– Я пойду? Письмо спрячьте, зачем оно мне? Бедная мама! Скажите, это могло повлиять на ее здоровье?
– А то нет! Она, бывало, придет ко мне и плачет: а вдруг все-таки где-то жива Илюшина мать? Тебе бы она давно сказала, а вот отцу боялась. Ей все казалось, что он этого не переживет. У них ведь самый первый ребенок умер в тридцать девятом. Круп. А потом второй родился. Тоже слабенький.

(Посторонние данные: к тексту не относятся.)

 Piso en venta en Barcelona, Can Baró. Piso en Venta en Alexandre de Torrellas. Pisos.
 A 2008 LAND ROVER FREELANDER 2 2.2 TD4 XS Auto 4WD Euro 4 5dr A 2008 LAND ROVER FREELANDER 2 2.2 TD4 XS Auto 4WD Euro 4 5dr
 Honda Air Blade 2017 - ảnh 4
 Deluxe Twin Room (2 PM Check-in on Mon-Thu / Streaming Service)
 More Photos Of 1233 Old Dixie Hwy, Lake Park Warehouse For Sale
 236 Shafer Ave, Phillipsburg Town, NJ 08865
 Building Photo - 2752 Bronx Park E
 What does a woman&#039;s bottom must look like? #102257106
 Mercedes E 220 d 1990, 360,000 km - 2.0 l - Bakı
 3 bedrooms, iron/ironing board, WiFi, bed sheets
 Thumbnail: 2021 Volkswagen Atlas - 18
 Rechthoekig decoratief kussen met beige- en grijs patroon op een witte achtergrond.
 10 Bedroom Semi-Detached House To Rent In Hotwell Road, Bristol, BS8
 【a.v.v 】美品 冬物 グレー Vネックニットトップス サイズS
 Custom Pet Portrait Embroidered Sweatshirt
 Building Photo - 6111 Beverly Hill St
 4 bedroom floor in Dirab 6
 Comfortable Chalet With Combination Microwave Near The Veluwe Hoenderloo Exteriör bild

А тут скоро война… Ну, в общем, все одно к одному. После войны – ты был маленький – они еще хотели ребенка. Родился мертвый. Как я понимаю, у твоей мамы резус отрицательный. Тогда это не проверяли, просто умирали дети. А ты был жив. И отец твой смеялся, что в тебе сила всех его возможных сыновей. Ты ведь действительно был здоровущий.
Во дворе отец играл с Натулей. Она сидела в песке, а он на нее смотрел и что-то ей рассказывал. Они все еще были после смерти мамы не в себе, но отец ни разу не забыл, что Натуле надо варить кашу, надо ее прогуливать. Даже в тот день, когда мама, удивленная и холодная, лежала на диване. Тогда, прислонившись левым виском к двери, как-то по-собачьи скулила Алена, а Илья требовал по телефону, чтоб прислали других врачей, хотя на столе уже лежала справка… А папа вдруг решительно встал и пошел на кухню, потом вышел с эмалированным ковшиком и ласково так говорит Алене: «Детка, а где у нас манка стоит? Что-то я ее не вижу…»
И теперь он все время с Натулей. Он работает в вечерней школе, и день у него свободный. Вот он и возится с ней, ни с кем не деля заботы.